Installation Failed on Windows Machine

If the installation failed on a Windows Source server, check the following:

  1. .NET Framework

    Verify that .NET Framework version 3.5 or above is installed on your Windows Source servers.

  2. Free disk space

    Verify that there is at least 1 GB of free disk space on the root directory (C:\) of your Source servers for the installation.

  3. net.exe and sc.exe location 

    Verify that the net.exe and/or sc.exe files, located by default in the C:\Windows\System32 folder, are included in the PATH Environment Variable.

    1. Navigate to Control Panel >System and Security >System >Advanced system settings.

    2. On the System Properties dialog box Advanced tab, click the Environment Variables button.

    3. On the System Variables section of the Environment Variables pane, select the Path variable. Then, click the Edit button to view its contents.

    4. On the Edit System Variable pane, review the defined paths in the Variable value field.

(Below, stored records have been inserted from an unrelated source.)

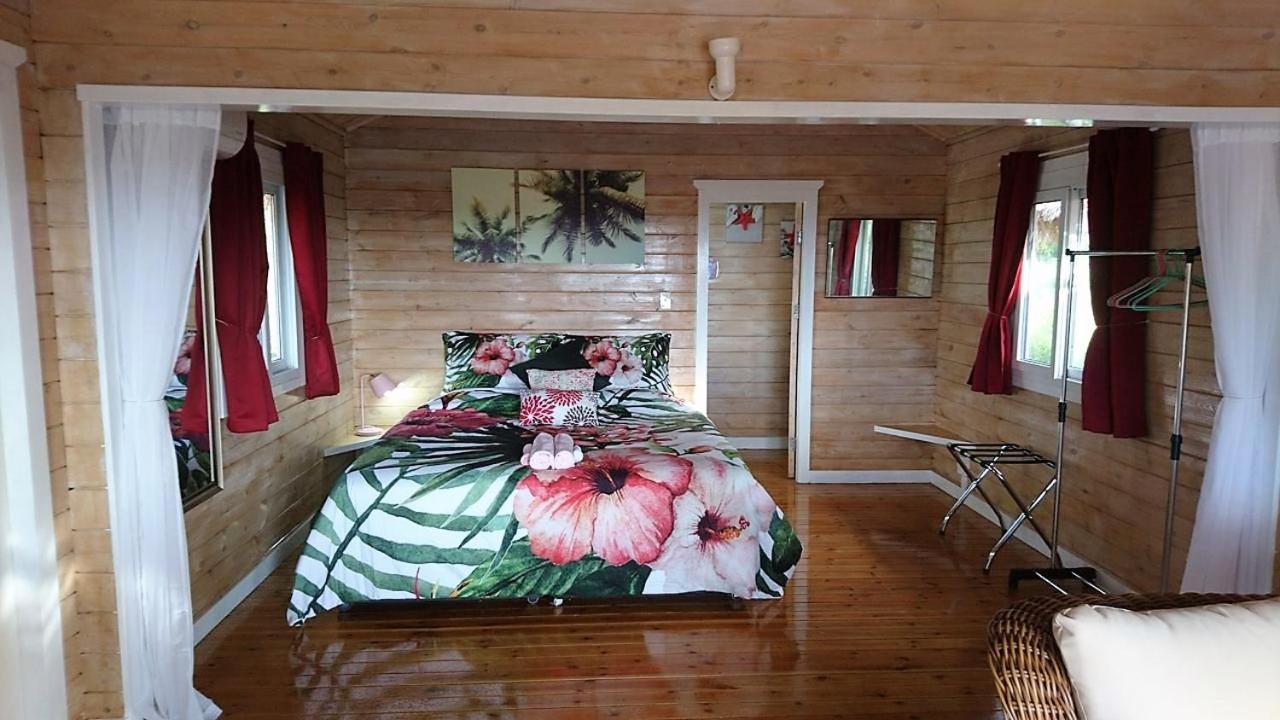 Red Hibiscus Villas Rarotonga Zewnętrze zdjęcie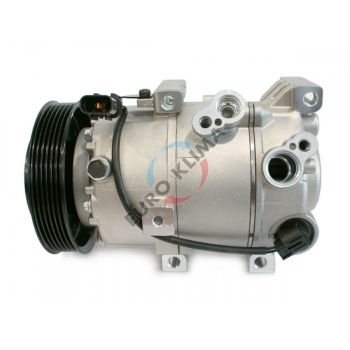 EKL37456-ZA компрессор кондиционера F500-HFCAE08 HYUNDAI i30 1.6 (2016-)KIA SOUL 1.6 (2014-) / CEED 1.4, 1.6 (2021-)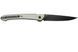 Ніж Boker Plus Urban Spillo Jade G10 01BO357 4008544 фото 1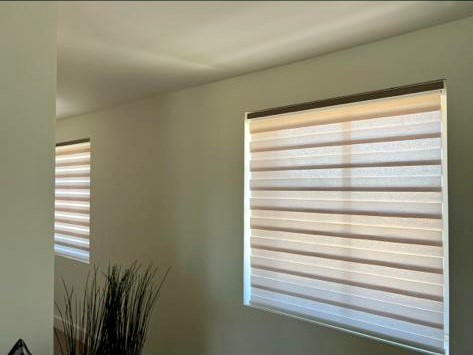 Blinds in Oxford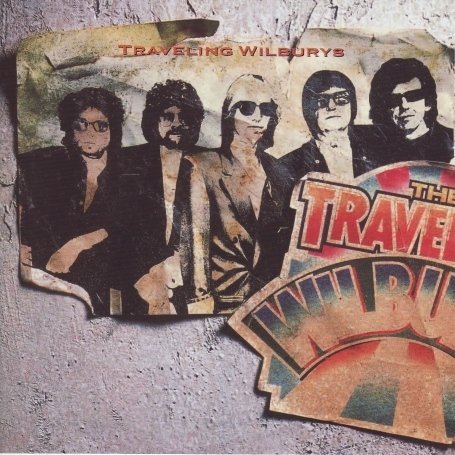 CD-Charts  Used : Traveling Wilburys Vol. 1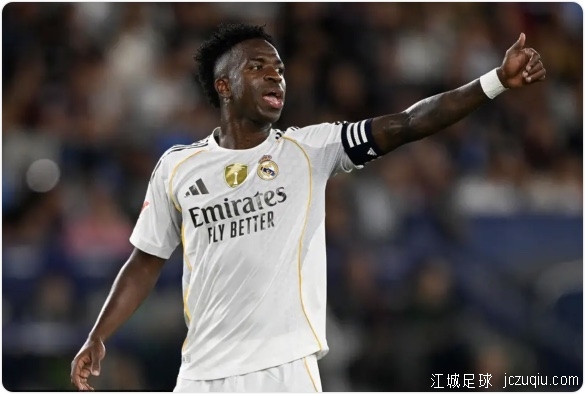 6轮全胜！西甲-姆巴佩双响维尼修斯破门 皇马4-1莱万特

If the path of the net.exe and/or sc.exe files does not appear there, manually add it to the Variable value field, and click OK.

Windows – Installation Failed - Request Signature

If the AWS Replication Agent installation fails on Windows with the following error:

botocore.exceptions.ClientError: An error occurred (InvalidSignatureException) when calling the GetAgentInstallationAssetsElastic Disaster RecoveryInternal operation: {"message":"The request signature we calculated does not match the signature you provided. Check your AWS Secret Access Key and signing method. Consult the service documentation for details.

Attempt to rerun the installer with power shell instead of CMD. At times, when the installer is ran in CMD, the AWS Secret Key does not get pasted properly into the installer and causes installation to fail.

Error – driver was compiled for a different kernel not loading

This error may manifest if a significant amount of time has passed between when you performed a failover and when you are performing a failback.

This error may occur on the source server or on the recovery instance. You can identify this error by looking at the agent log in /var/lib/aws-replication-agent/agent.log.0

To fix this issue on a recovery instance, reboot the recovery instance and reinstall the AWS Replication Agent as recovery instance.

To fix this issue on a source server, reboot the source server and then reinstall the AWS Replication Agent.

Error – certificate verify failed

This error (CERTIFICATE_VERIFY_FAILED) may indicate that the OS does not trust the certification authority used by our endpoints. To resolve this issue, try the following steps:

  1. Open Microsoft Edge or Internet Explorer to update the operating system trusted root certificates. This will work if the operating system does not have restrictions to download the certificates.

  2. If the first step does not resolve the issue, download and install the Amazon Root Certificates manually.